As an ultraconservative Republican partisan, Justice Scalia no doubt loathes the commie nanny-state big-gubmint unfunded-mandate ACA, and is already trying to figure out how to nullify an Act of Congress without appearing overly hypocritical — given his history of insisting that unelected judges just have no business overriding the decisions of elected representatives who are simply expressing the will of the people.

But what's going to drive him into true torment is his so-called "originalism."

"Originalism" is Justice Scalia's remarkable belief he alone possess some unique insight into the hive-mind of the Republic's founders (as if they all agreed on everything), and only by applying his arcane knowledge can the Court accurately determine whether modern laws are congruent with the Founder's 18th Century worldview and America's place in it, which Scalia insists they intended to freeze in time with absolutely no express or implied accommodation for tomfoolery and shenanigans like social progress or evolving moral standards. I harbor precisely no doubt that had Scalia sat on the court 154 years ago, he would have cheerfully written the opinion in the Dred Scott case, concluding the Founders owned slaves, slavery was legal when the Constitution was signed, black people weren't citizens then, so shouldn't be now, case closed.

But here's the thing:
In July of 1798, Congress passed — and President John Adams signed  — “An Act for the Relief of Sick and Disabled Seamen.” The law authorized the creation of a government operated marine hospital service and mandated that privately employed sailors be required to purchase health care insurance.
Keep in mind that the 5th Congress did not really need to struggle over the intentions of the drafters of the Constitutions in creating this Act as many of its members were the drafters of the Constitution.
And when the Bill came to the desk of President John Adams for signature, I think it’s safe to assume that the man in that chair had a pretty good grasp on what the framers had in mind.
Well, that's going to throw quite a wrench into Scalia's "originalism" unless he chooses to side with modern Tea Party whackadoos who insist John Adams was some kind of bolshevik.

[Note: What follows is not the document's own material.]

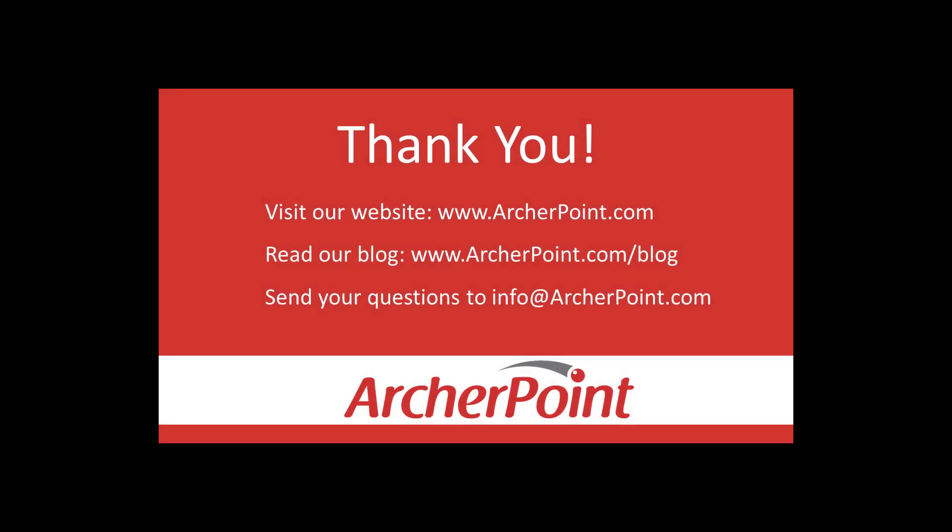Thanks for watching this Archer Point video. If you found it helpful, make sure to check out our website and blog at www.archerpoint.com. Additionally, if you have any questions regarding our products, services, or information in this video, feel free to email us at info@archerpoint.com. Thanks.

But as Rick Ungar also points out:
it wasn’t only John Adams who supported the notion of government run health care. According to Georgetown University history professor and noted historian of America’s early days, Adam Rothman, Thomas Jefferson — the iconic hero of the Tea Party — also supported the legislation. 
Sargent reprints the following email he received from Prof. Rothan on the subject  — 
"Alexander Hamilton supported the establishment of Marine Hospitals in a 1792 Report, and it was a Federalist congress that passed the law in 1798. But Jefferson (Hamilton’s strict constructionist nemesis) also supported federal marine hospitals, and along with his own Treasury Secretary, Albert Gallatin, took steps to improve them during his presidency. So I guess you could say it had bipartisan support."
So I can't wait to see how Scalia resolves his "originalism" and "legislative deference" in the context of the ACA.

He'll have ample opportunity to exercise his usual dismissive sarcasm. SCOTUS has chosen to accommodate surprisingly lengthy oral arguments (allowing 5 1/2 hours, when they typically permit 1), promising a holding delivered in June.

As a sidebar, I was actually pleased to note that SCOTUS declined Liberty University's (a wretched hive of scum and villainy) petition to allow private entities (rather than state and federal attorneys general) to challenge the ACA. No doubt, the LU bigots were more interested in securing a ruling that would grant them special standing to challenge legislation that dispenses with, or fails to provide for, special rights for heterosexuals.